The emotional scar of death is in the loss of someone who was deeply loved. Many people fear falling in love in general, but Hazel Grace fears falling in love because of the limited time she has left. “…I’m a grenade and at some point I’m going to blow up and I would like to minimize the casualties” (99). Nobody wants to fall in love with someone who is going to die, or be the one who’s dying. Because when they’re gone, it’s over, it is the end and there is no way to get it back. Hazel Grace struggled with wanting to love Augustus and not wanting to be the one that leaves him behind and hurts him. But you really can’t help who you love. “You realize that trying to keep your distance from me will not lessen my affection for you” (122). And though Augustus knows that he will experience potential heartbreak in Hazel’s death he is still willing to take the risk in loving.
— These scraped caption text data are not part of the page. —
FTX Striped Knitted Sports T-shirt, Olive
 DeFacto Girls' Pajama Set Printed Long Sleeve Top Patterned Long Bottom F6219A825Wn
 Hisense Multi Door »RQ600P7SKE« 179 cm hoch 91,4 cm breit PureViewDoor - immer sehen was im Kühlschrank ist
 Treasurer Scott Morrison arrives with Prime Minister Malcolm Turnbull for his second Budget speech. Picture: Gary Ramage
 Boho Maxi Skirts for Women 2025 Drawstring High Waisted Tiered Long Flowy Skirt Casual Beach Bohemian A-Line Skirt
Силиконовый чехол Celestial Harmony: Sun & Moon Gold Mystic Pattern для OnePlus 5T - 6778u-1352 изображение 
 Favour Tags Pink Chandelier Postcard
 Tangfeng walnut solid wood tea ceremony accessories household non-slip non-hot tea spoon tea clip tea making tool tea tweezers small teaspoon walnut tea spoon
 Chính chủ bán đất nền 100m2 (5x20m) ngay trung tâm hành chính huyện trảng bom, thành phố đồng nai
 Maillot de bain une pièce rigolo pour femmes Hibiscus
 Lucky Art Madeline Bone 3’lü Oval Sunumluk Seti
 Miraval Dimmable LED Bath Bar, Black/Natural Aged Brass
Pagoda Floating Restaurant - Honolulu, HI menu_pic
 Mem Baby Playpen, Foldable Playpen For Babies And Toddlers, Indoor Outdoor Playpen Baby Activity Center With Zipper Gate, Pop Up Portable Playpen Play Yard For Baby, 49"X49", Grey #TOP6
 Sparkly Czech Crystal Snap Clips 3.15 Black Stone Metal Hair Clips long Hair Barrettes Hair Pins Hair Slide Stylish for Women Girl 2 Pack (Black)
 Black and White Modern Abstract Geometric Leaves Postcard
Significance is not measured in how many lives one touches, but purely how deeply they are touched. “Gus, my love, I cannot tell you how thankful I am for our little infinity… You gave me a forever within the numbered days, and I’m grateful” (260). Though Augustus never became a well-known hero to the world, to Hazel he was her everything and she was his. “But then I wanted more time to fall in love. I got my wish, I suppose. I left my scar” (313). Death takes its greatest toll in the emotional wreckage - fear, anger, sadness and hopelessness. But it is through the emotional involvement that one may be inspired to great deeds. The true sacrifice that Gus makes is in taking Hazel to Amsterdam, knowing that he is relapsing. He has put her life above his own.
The physical, mental and emotional aspects of death in The Fault in Our Stars by John Green are effectively portrayed. Augustus Waters and Hazel Grace Lancaster’s physical suffering essentially brought the two together. They were able to support each other, understanding exactly how the other one felt. But as the story tells us, death is inescapable, nothing lasts forever and the emotional anguish, undeniably, must be felt. The physical and psychological damage we experience in dying can bring out the best in us through self-sacrifice, service and love.